• [WHAT YOU WILL DO] From the material below, retype exactly the lines that begin at the line with "Certified 2025 Mercedes-Benz" and end after the line with "Gilet Cachemire Suprême"; pictures stay out of the copy.
[Opening EXERCISE MATERIAL section]
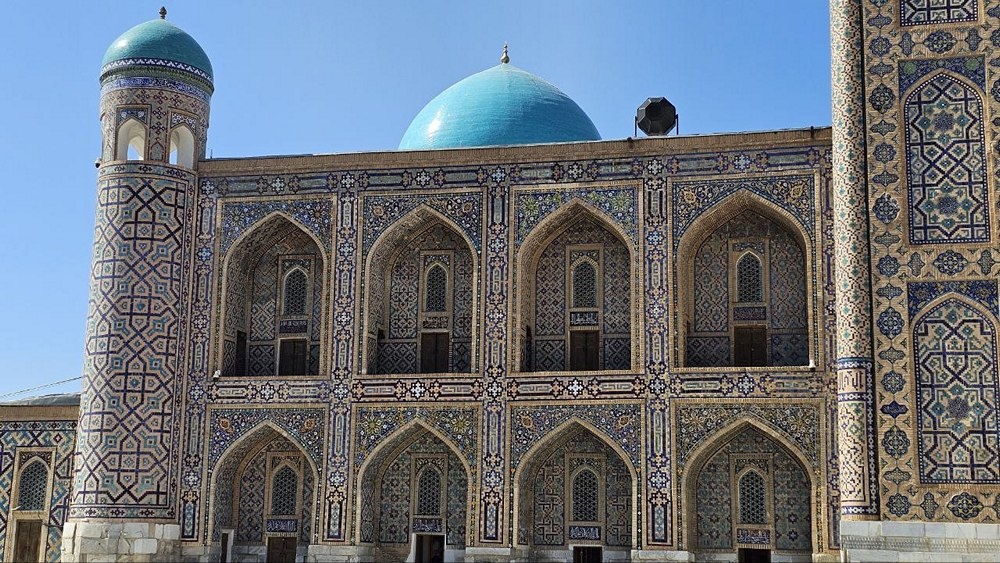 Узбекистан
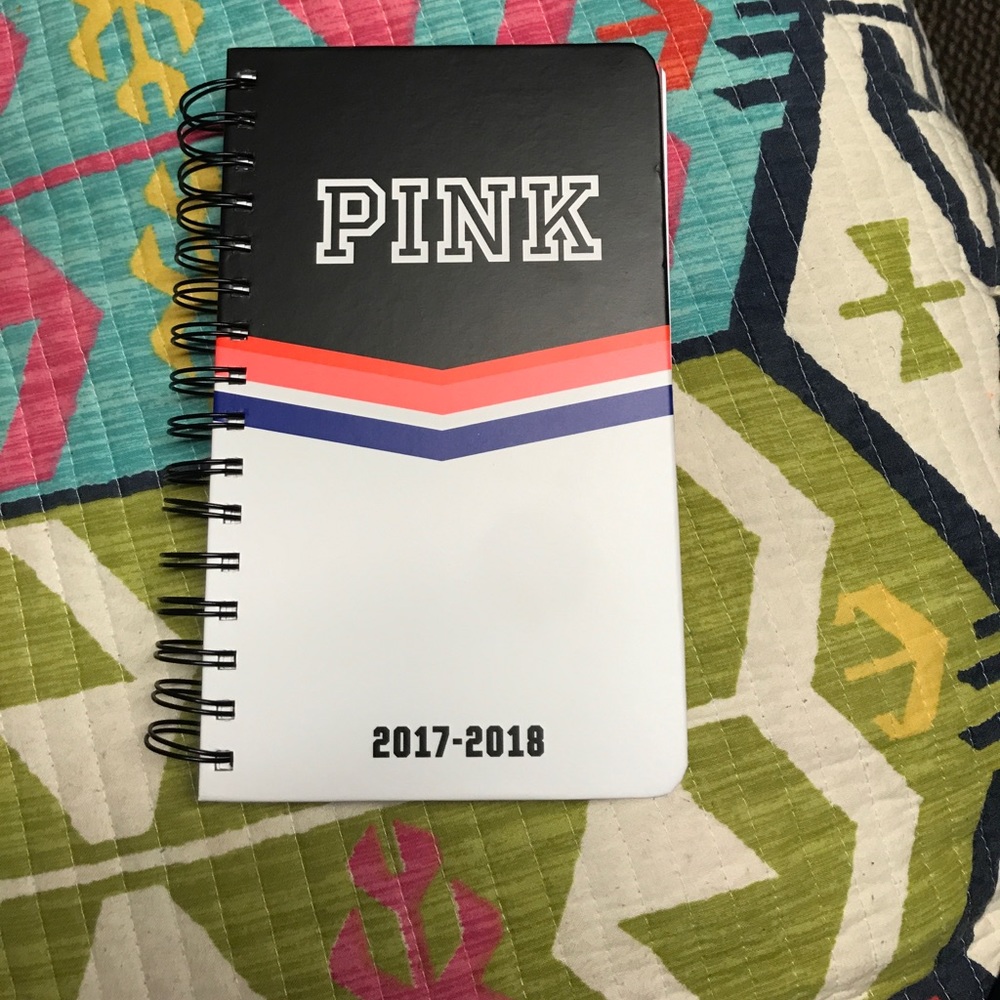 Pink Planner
[Closing EXERCISE MATERIAL section]
[Opening EXERCISE MATERIAL section]
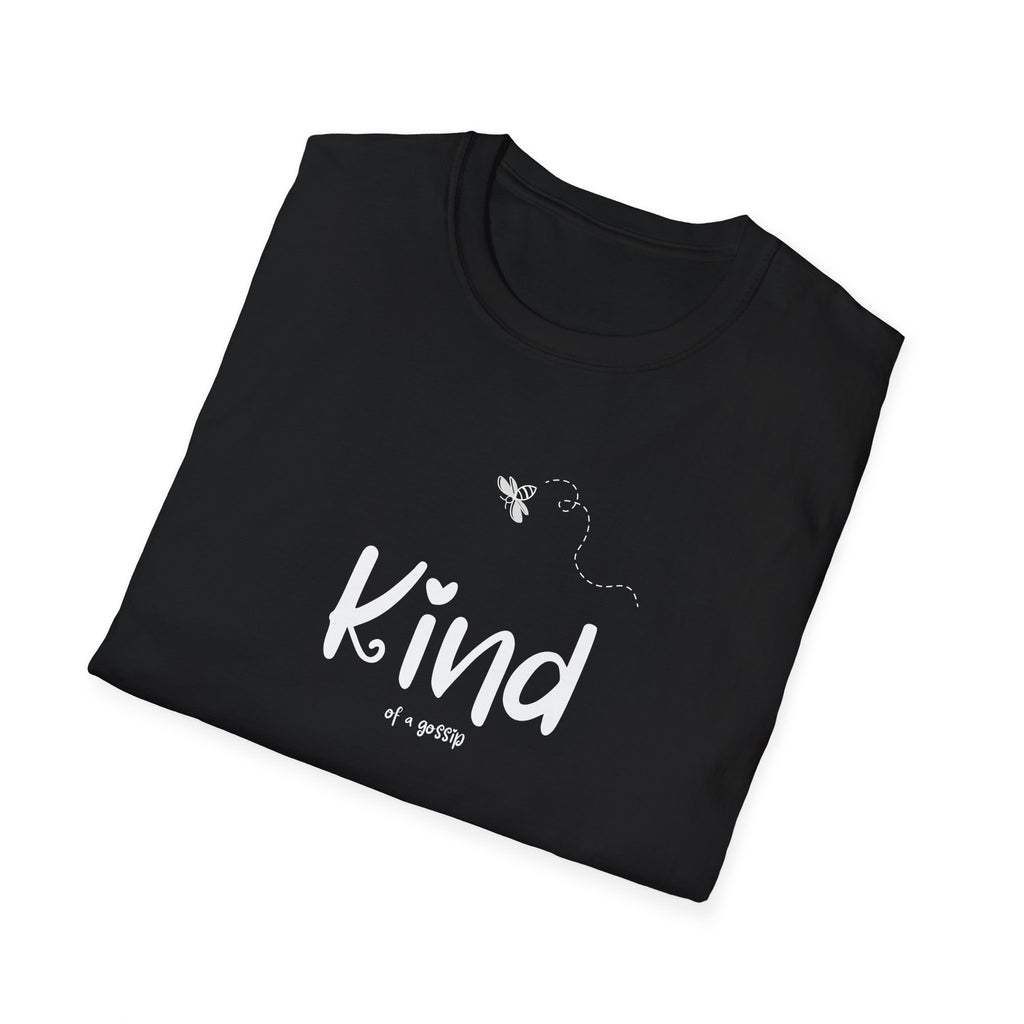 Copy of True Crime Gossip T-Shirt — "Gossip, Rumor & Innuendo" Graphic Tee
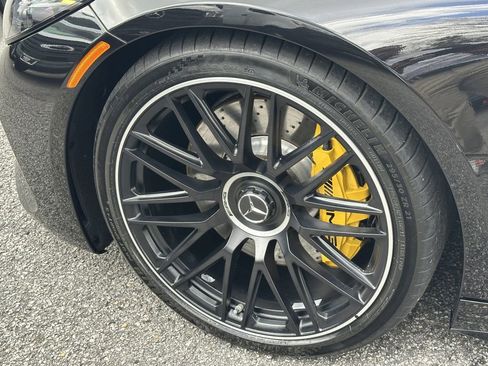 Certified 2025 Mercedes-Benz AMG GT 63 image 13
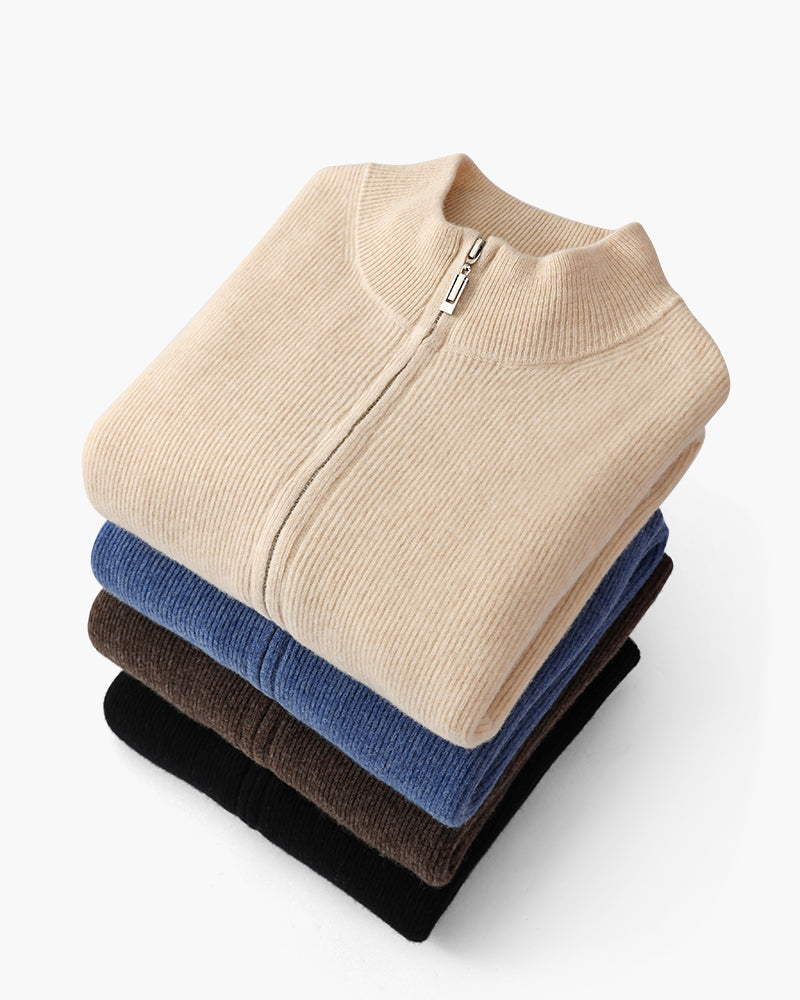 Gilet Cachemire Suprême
[Closing EXERCISE MATERIAL section]
[Opening EXERCISE MATERIAL section]
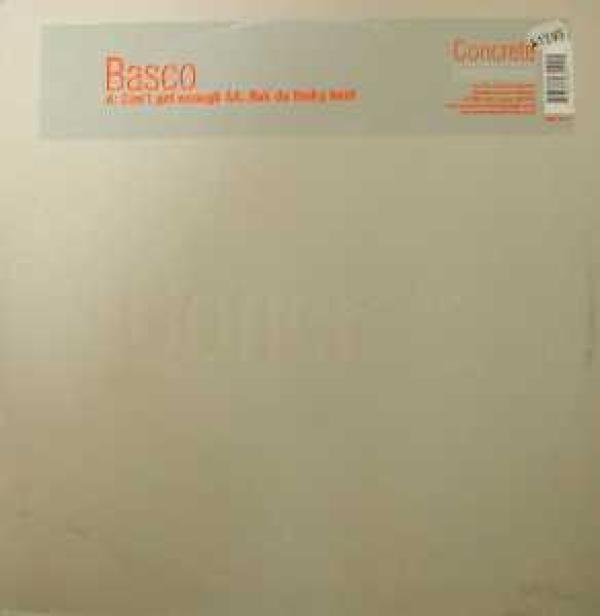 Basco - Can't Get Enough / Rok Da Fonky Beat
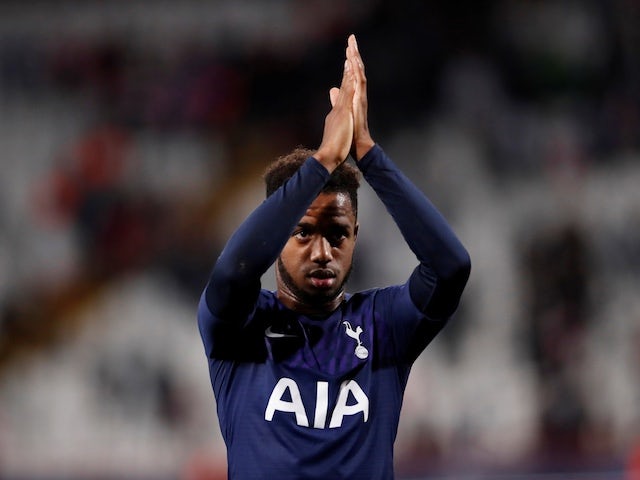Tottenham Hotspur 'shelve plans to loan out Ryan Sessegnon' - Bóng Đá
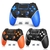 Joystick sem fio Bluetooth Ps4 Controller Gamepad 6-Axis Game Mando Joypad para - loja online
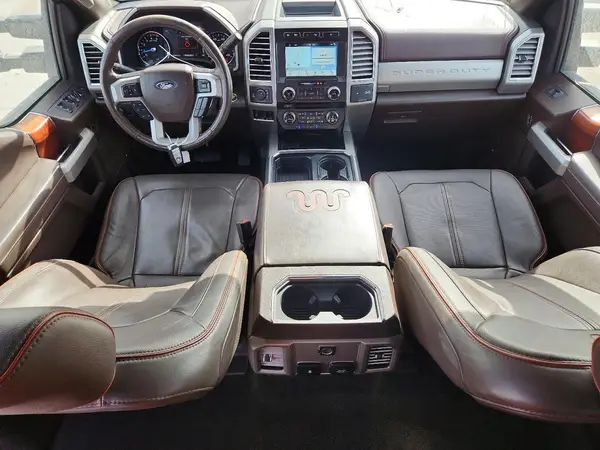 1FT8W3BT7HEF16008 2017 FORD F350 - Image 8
[Closing EXERCISE MATERIAL section]
• [SOLUTION TO THIS EXERCISE]
 Certified 2025 Mercedes-Benz AMG GT 63 image 13
 Gilet Cachemire Suprême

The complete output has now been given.